What to work on: Nothing more is wanted than an exact repeat of the data below.

Material shown:
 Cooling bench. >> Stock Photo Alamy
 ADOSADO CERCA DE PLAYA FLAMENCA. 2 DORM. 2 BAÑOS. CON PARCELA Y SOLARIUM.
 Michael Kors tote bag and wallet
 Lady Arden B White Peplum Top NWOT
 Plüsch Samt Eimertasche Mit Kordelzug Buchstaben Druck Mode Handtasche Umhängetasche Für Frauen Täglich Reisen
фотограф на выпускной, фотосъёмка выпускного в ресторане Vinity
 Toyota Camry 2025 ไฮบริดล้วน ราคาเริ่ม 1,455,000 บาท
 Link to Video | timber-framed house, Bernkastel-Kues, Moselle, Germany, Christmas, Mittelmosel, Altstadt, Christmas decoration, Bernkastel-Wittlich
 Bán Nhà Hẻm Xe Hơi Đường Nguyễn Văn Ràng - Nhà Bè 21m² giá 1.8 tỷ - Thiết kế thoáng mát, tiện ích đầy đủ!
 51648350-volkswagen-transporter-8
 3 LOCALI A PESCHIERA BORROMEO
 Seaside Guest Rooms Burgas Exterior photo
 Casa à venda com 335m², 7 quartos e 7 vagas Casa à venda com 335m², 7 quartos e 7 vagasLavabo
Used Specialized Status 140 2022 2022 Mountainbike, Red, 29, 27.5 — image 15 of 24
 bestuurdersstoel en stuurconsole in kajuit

Response:
 Cooling bench. >> Stock Photo Alamy
 ADOSADO CERCA DE PLAYA FLAMENCA. 2 DORM. 2 BAÑOS. CON PARCELA Y SOLARIUM.
 Michael Kors tote bag and wallet
 Lady Arden B White Peplum Top NWOT
 Plüsch Samt Eimertasche Mit Kordelzug Buchstaben Druck Mode Handtasche Umhängetasche Für Frauen Täglich Reisen
фотограф на выпускной, фотосъёмка выпускного в ресторане Vinity
 Toyota Camry 2025 ไฮบริดล้วน ราคาเริ่ม 1,455,000 บาท
 Link to Video | timber-framed house, Bernkastel-Kues, Moselle, Germany, Christmas, Mittelmosel, Altstadt, Christmas decoration, Bernkastel-Wittlich
 Bán Nhà Hẻm Xe Hơi Đường Nguyễn Văn Ràng - Nhà Bè 21m² giá 1.8 tỷ - Thiết kế thoáng mát, tiện ích đầy đủ!
 51648350-volkswagen-transporter-8
 3 LOCALI A PESCHIERA BORROMEO
 Seaside Guest Rooms Burgas Exterior photo
 Casa à venda com 335m², 7 quartos e 7 vagas Casa à venda com 335m², 7 quartos e 7 vagasLavabo
Used Specialized Status 140 2022 2022 Mountainbike, Red, 29, 27.5 — image 15 of 24
 bestuurdersstoel en stuurconsole in kajuit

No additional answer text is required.